TASK PROMPT ->
Repeat the records exactly as given. Do not include the pictures.

Short web captions ->
--------------------

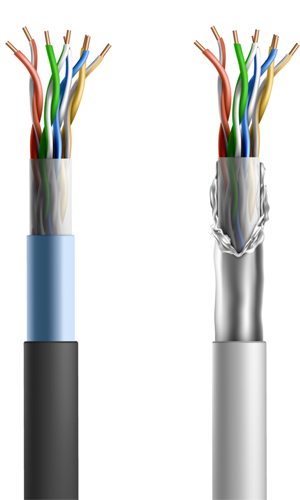 OSP/ISP Solution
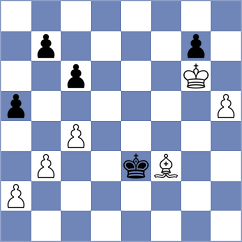 Lenderman - Tsaruk (chess.com INT, 2023)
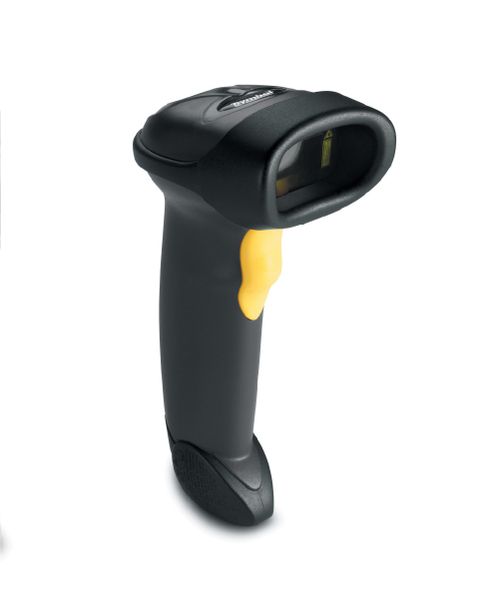  MÁY QUÉT MÃ VẠCH ZEBRA LS2208 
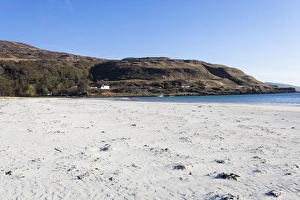 Calgary Bay, Mull, Scotland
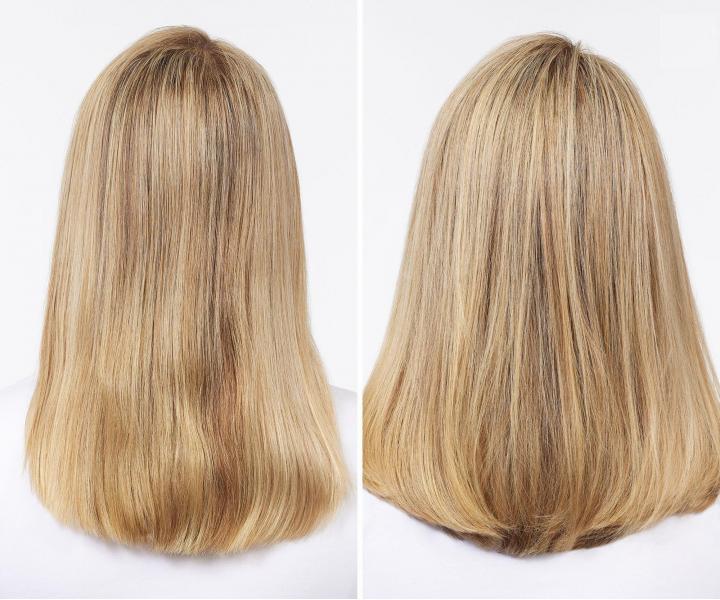 ampn pre rednce vlasy Biolage Full Density Shampoo - 250 ml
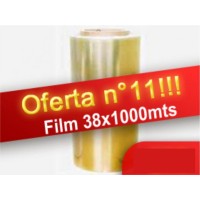 FILM 38 X 1000MTS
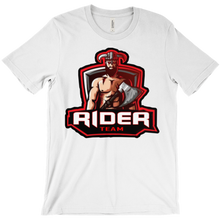 Rider T-Shirts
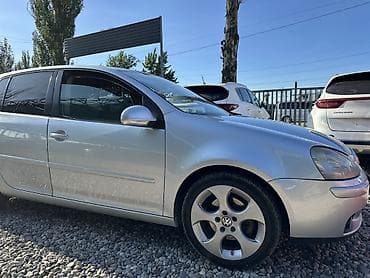 акпп на гольф 3: Volkswagen Golf V: 2004 г., 2 л, Автомат, Бензин, Хэтчбэк — 2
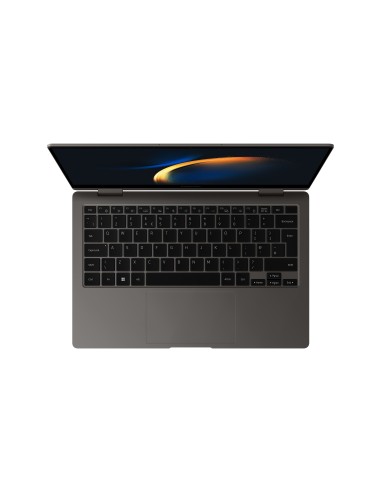 Samsung Galaxy Book3 360 NP730QFG-KA1IT laptop Intel® Core™ i5 i5-1340P Ibrido (2 in 1) 33,8 cm (13.3") Touch screen Full HD 8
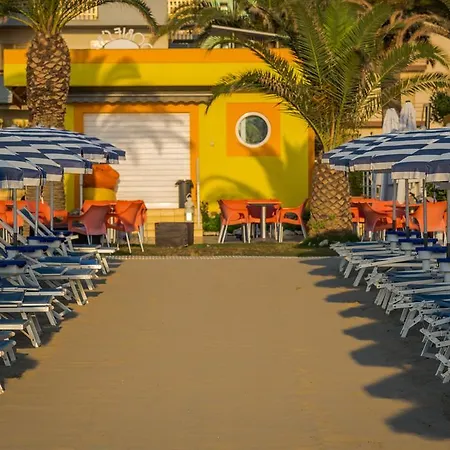 فندق Taormina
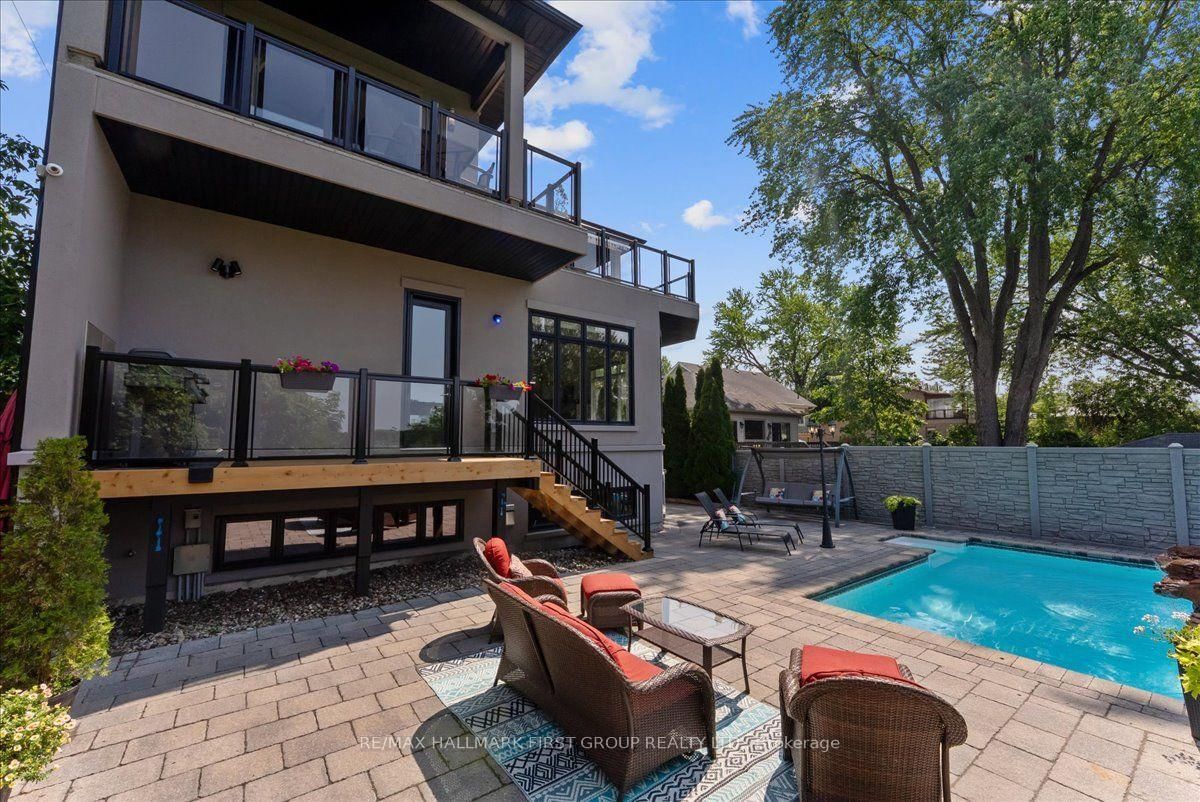 830 Fairview Avenue • Pickering, ON photo 42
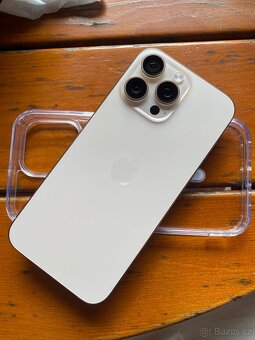iPhone 16 pro max 256gb - 5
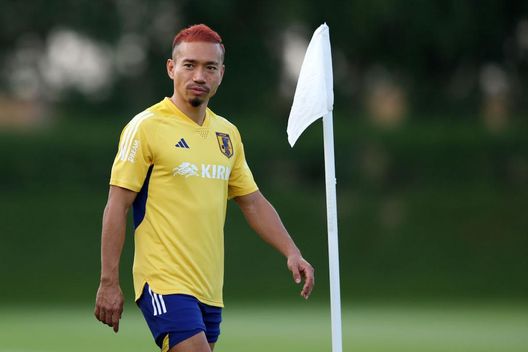 Getty Images Giappone, l’entusiasmo dell’ex Inter Nagatomo: “Possiamo arrivare in fondo e vincere”- immagine 2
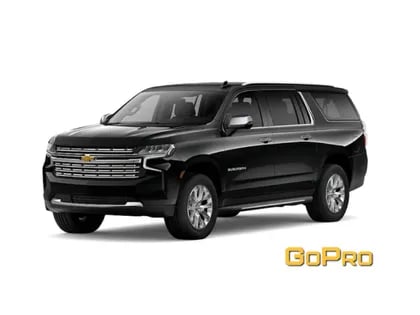 Lux SUV Fleet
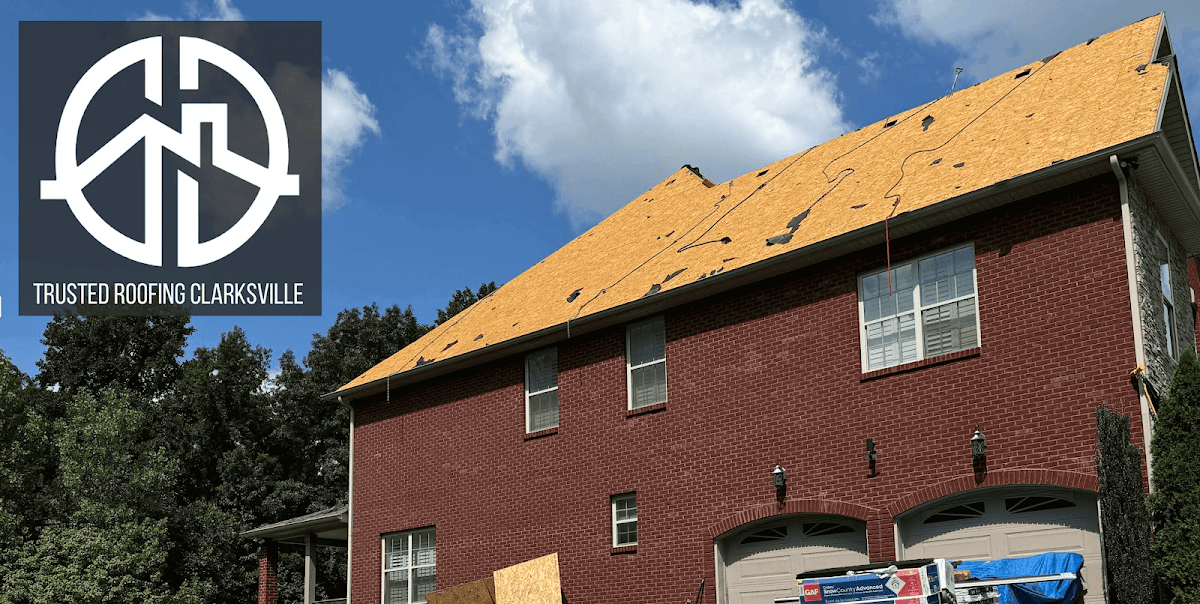 Trusted Roofing Clarksville Roofing Repair in Clarksville, TN photo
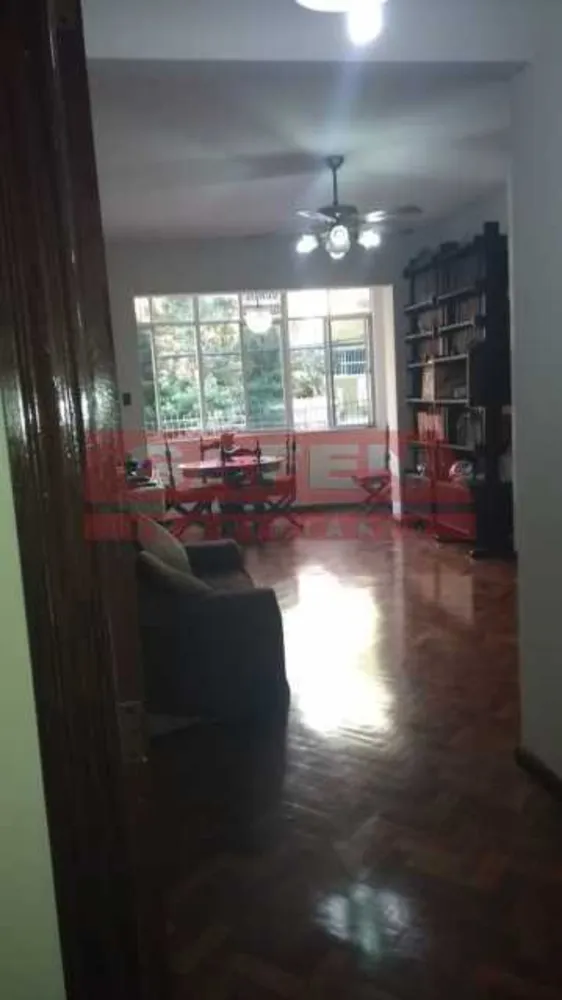Apartamento, 3 quartos, 114 m² - Foto 4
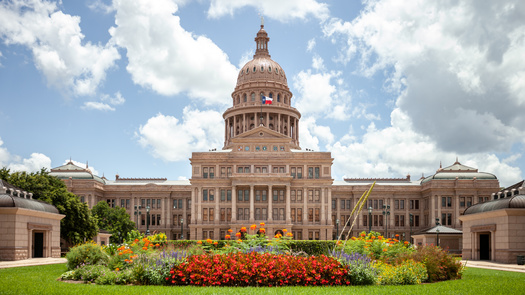 Following the 2020 election, Texas passed a controversial voting law, Senate Bill 1, which banned drive-through voting and 24-hour voting. (MoabRepublic/AdobeStock)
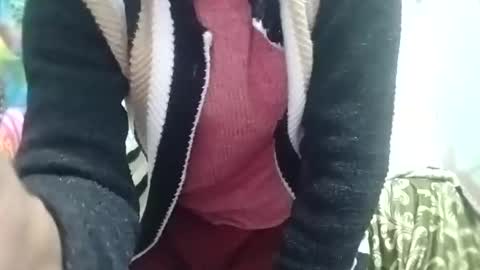 Snapshot of jasspreettt chatting on January 2025 12:49:01 PM jasspreettt online show from January 2025 12:49:01 PM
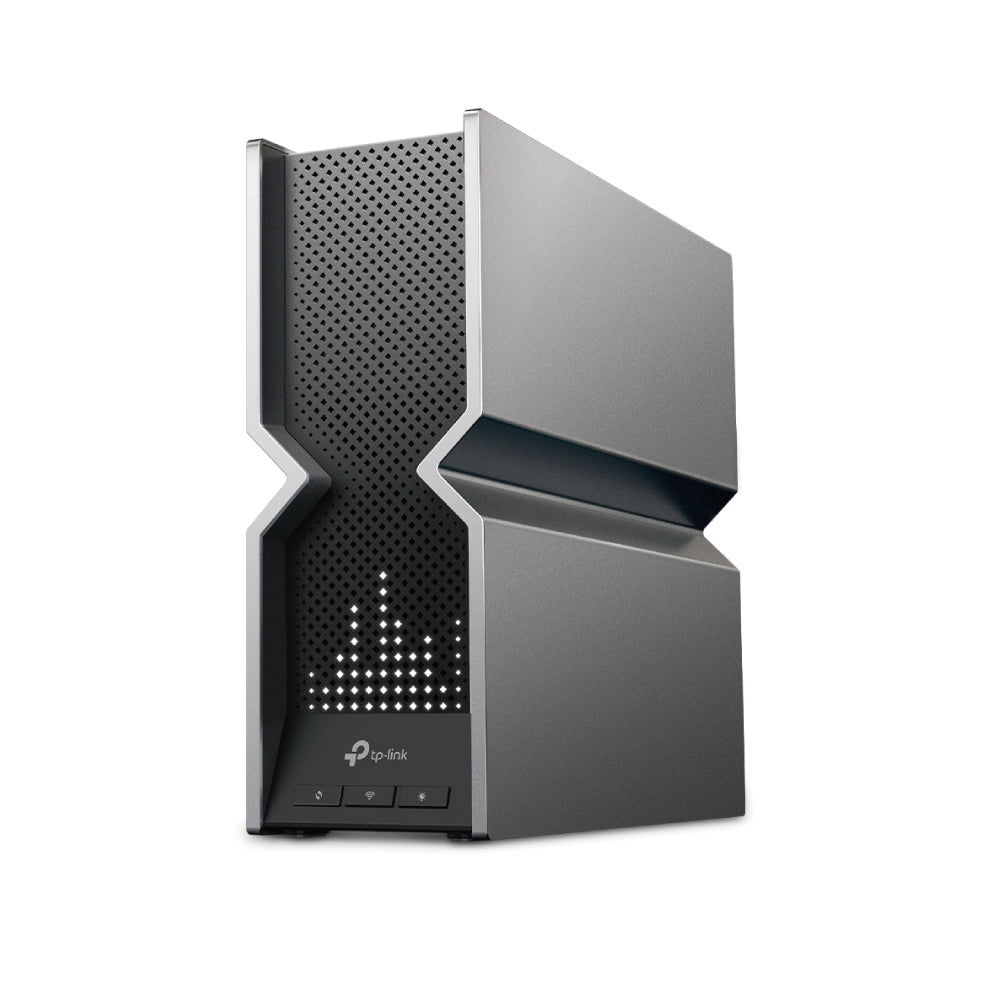 TP-Link Archer BE800 10G光纖支援 WiFi 7 三頻路由器 高速無線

--------------------

REPLY ->
 OSP/ISP Solution
 Lenderman - Tsaruk (chess.com INT, 2023)
  MÁY QUÉT MÃ VẠCH ZEBRA LS2208 
 Calgary Bay, Mull, Scotland
 ampn pre rednce vlasy Biolage Full Density Shampoo - 250 ml
 FILM 38 X 1000MTS
 Rider T-Shirts
 акпп на гольф 3: Volkswagen Golf V: 2004 г., 2 л, Автомат, Бензин, Хэтчбэк — 2
 Samsung Galaxy Book3 360 NP730QFG-KA1IT laptop Intel® Core™ i5 i5-1340P Ibrido (2 in 1) 33,8 cm (13.3") Touch screen Full HD 8
 فندق Taormina
 830 Fairview Avenue • Pickering, ON photo 42
iPhone 16 pro max 256gb - 5
 Getty Images Giappone, l’entusiasmo dell’ex Inter Nagatomo: “Possiamo arrivare in fondo e vincere”- immagine 2
 Lux SUV Fleet
 Trusted Roofing Clarksville Roofing Repair in Clarksville, TN photo
Apartamento, 3 quartos, 114 m² - Foto 4
 Following the 2020 election, Texas passed a controversial voting law, Senate Bill 1, which banned drive-through voting and 24-hour voting. (MoabRepublic/AdobeStock)
 Snapshot of jasspreettt chatting on January 2025 12:49:01 PM jasspreettt online show from January 2025 12:49:01 PM
 TP-Link Archer BE800 10G光纖支援 WiFi 7 三頻路由器 高速無線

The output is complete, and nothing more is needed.